The cut will only augment the fiscal problems of the government, as the finance ministry is deferring liabilities instead of showing fiscal prudence, said Iqbal to a question.

For the current fiscal year, the National Assembly had approved a development budget of Rs1 trillion, which was almost half of the demands made by competing ministries. During the mid-term review, various ministries demanded an additional Rs495 billion for the current fiscal year to keep momentum on development schemes, said Iqbal. Instead of increasing the budget, the finance ministry has reduced allocation, which would inflate the cost of these schemes, he added.

Instead of raising revenues, the PSDP has become the easiest prey, lamentedIqbal, who for long has been struggling to convince the government to increase the development budget allocation from as low as 0.7% of the size of the economy. The finance ministry spokesperson did not comment on the decision to reduce the development budget by 10%.

Prime Minister Shehbaz Sharif on Friday announced keeping the diesel price unchanged at Rs336 per litre, which required Rs176 per litre subsidy. The government also kept the petrol price unchanged at Rs322 per litre and claimed it was paying Rs78 per litre subsidy. However, the government is still charging Rs106 per litre petroleum levy, Rs2.5 per litre carbon support levy and 10% import duty. Effectively, there are no subsidies in the case of petrol.

The Ministry of Petroleum this week wrote to the finance ministry to clear Rs71 billion outstanding payments to OGRA on account of price differential claims.

The petroleum ministry estimated price differential claims of Rs23 billion for the March 14-20 week and Rs48 billion for the March 21-27 week. OGRA would then distribute the amounts to oil marketing companies. In a press statement, the finance ministry said OGRA has been provided the first tranche amounting to Rs27 billion from the Prime Minister’s Austerity Fund to settle price differential claims arising from the government’s decision to shield consumers from the impact of rising oil prices in the international market.
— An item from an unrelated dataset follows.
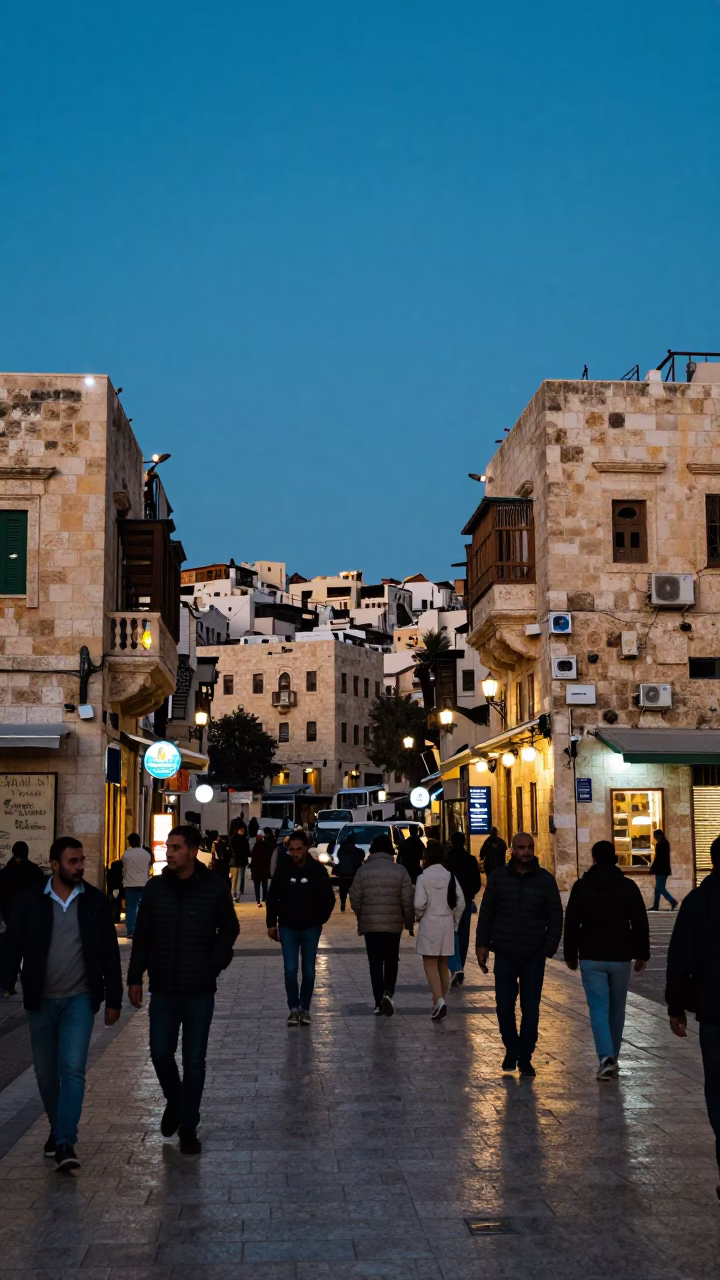 Busy Amman Street Scene at Dusk with Stone Architecture and Local Life in in Amman, Jordan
The funds have been arranged through various expenditure reduction measures implemented within the federal government and deposited in the PM Austerity Fund, it added. The government had earlier increased fuel prices by 20%, even before buying any expensive fuel from the markets.

To deal with unforeseen events, the IMF had asked Pakistan to set aside about Rs389 billion in this year’s budget. A senior ministry official said the contingency pool had largely been utilised to offset the impact of the FBR’s revenue shortfall. However, these funds were not meant to settle the cost of inefficiencies of the FBR. Where the FBR was facing revenue shortfall, collection on account of the petroleum levy was exceeding monthly targets. Yet, the finance ministry could not convince the IMF to review the targets in light of the Middle East war.

The finance ministry spokesperson did not comment on the utilisation of the contingency pool.

Sources said the planning ministry has reduced annual allocations of all ministries proportionally. The NHA’s budget has been reduced by Rs22.3 billion, while the Power Division allocation has been cut by Rs9.1 billion.

The Water Resources Division faced a Rs12.9 billion cut, which could compromise major water storage projects. But the secretary of the division will have the choice to prioritise the remaining budget.

A Rs7 billion cut has been made in schemes recommended by parliamentarians under the Sustainable Development Goals. The defence ministry’s development budget is reduced by Rs1 billion. The education ministry’s budget is cut by Rs3.2 billion, while another Rs4.2 billion reduction is made in the budget of Higher Education Commission. Azad Kashmir and Gilgit-Baltistan budgets have been slashed by Rs8.2 billion, while the merged districts of Khyber-Pakhtunkhwa also faced a Rs6.5 billion cut. The allocation for provincial projects has been reduced by Rs10.2 billion. The housing ministry budget is reduced by Rs1.6 billion, while the Ministry of Science and Technology budget is slashed by Rs2.2 billion. The interior ministry budget is reduced by Rs1.4 billion and the railways budget is also slashed by Rs2.2 billion.

The health sector’s development budget has been cut by Rs1.4 billion and the FBR also sustained a Rs1.7 billion cut.